In one of those quirks, it was also the year Kimberley Smith was born. A few days ago, Smith finished eighth in the London marathon, in the process eclipsing Roe's 29-year-old New Zealand marathon record from that Boston run.
Given the calibre of the field, it was a seriously impressive performance. In just her second marathon, having failed to finish in New York last year, she clocked 2h 25min 21s, eclipsing Roe's 2:26.46.
In Roe's mind, Smith is New Zealand's finest woman runner.
The London time gives Smith eight current New Zealand records.
But her sights are set on longer targets, and the marathon is shaping as her game for the immediate future, particularly the London Olympics in 2012.
And yet while Valerie Vili and Nick Willis of the current crop of athletes are the names most easily recognised, Smith's is not, outside the athletic community.
Why? Two reasons.
Smith went to Providence College in Rhode Island in 2002 and she hasn't looked back. A string of substantial achievements since entering the American college system have made her one of the big drawcards in women's athletics there.
She's got agents, and Reebok sponsor her. Life is pretty good.
On top of that, the Papakura-raised Smith hasn't emulated Vili and Willis and been on a world champs or Olympic podium. In that respect, she has a tough job, given the calibre and depth of her rivals.
Roe is a big fan of Smith and was thrilled her record was gone - "Let's face it, no record should last that long".
Roe agreed making a blue riband podium is key to Smith's profile rising into mainstream New Zealand sports consciousness.
"Anybody who understands athletics and has seen the times Kimberley has run would have to acknowledge how brilliant she is," she said.
"I'm sure it's going to happen. It's quite clear to me she's going to do it. It's just a matter of time because she is the best runner New Zealand has ever produced."
Smith was initially unaware she had eclipsed Roe's record until she crossed the finish line 3.21s behind Russian winner Liliya Shobukhova.
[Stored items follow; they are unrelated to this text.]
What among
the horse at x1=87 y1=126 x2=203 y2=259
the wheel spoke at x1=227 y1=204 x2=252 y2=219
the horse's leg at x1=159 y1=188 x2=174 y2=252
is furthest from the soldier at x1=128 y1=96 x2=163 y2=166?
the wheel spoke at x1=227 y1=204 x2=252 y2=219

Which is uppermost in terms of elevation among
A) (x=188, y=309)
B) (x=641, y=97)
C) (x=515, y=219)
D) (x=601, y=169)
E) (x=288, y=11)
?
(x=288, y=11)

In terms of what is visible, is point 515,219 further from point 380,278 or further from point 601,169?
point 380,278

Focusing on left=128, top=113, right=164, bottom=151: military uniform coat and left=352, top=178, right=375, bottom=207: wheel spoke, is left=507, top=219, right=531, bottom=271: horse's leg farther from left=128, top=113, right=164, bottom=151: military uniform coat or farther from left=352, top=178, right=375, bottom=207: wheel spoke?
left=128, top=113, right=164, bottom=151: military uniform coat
"I didn't even know what it was. I wasn't too concerned with it, I just wanted to finish.
"It's crazy New Zealand hasn't had any faster marathon runners [since 1981] but hopefully I can take the mark down a little further than that," she said from Providence yesterday.
"For me it was definitely a step into the unknown. You don't know how you'll feel after 20 miles and can't really train for that feeling. But I was quite surprised; I was expecting a lot more pain; now I can't wait to do another one."
Which is most likely to come at either Chicago or New York in October-November.
Smith is targeting 2h 20min. That mark has been eclipsed just 20 times, and by only nine people. Englishwoman Paula Radcliffe's stunning 2:15.25, set seven years ago, is the current world record.
Moving from the track to the road has involved a significant mental shift, adjusting to a longer, slower training regime.
"The training is definitely harder, doing long runs by yourself is pretty mentally draining, and trying to wrap my head around the distance and longer workouts has been a struggle sometimes. But this is a new focus for me and it's been exciting."
African dominance on the track does not transfer quite so markedly to the road, where Europe is loaded with plenty of top class runners. But Smith likes the challenge.
"It's a little more open. Anyone can win on the day and depending on how people are feeling."
She was feeling good when she broke her own national half-marathon record at New Orleans last February, finishing second in 1:07.55. Only 22 women have completed the distance faster; it was only 3s off the quickest half ever run in the US.
London will be Smith's third Olympics. She was 11th in the heats of the 5000m at Athens six years ago; ninth in the 10,000m final in Beijing in 2008. Next stop the marathon. There is a clear pattern.
Not that Smith sees herself abandoning the track altogether. Call it a sabbatical for now. But you get a feeling Smith's best may yet be ahead of her.
Kimberley Smith's New Zealand record haul
* 3000m: 8min 35.31, July 2007, Monaco.
* 5000m: 14:45.93, July 2008, Rome.
* 10,000m: 30:35.54, May 2008, Stanford.
* Half marathon: 1h 7min 55s, February 2010, New Orleans.
* Marathon: 2:25.21, April 2010, London.
* One mile: 4:24.14, February 2008, Boston.
* 3000m: 8:38.14, January 2007, Boston.
* 5000m: 14:39.89, February 2009, New York.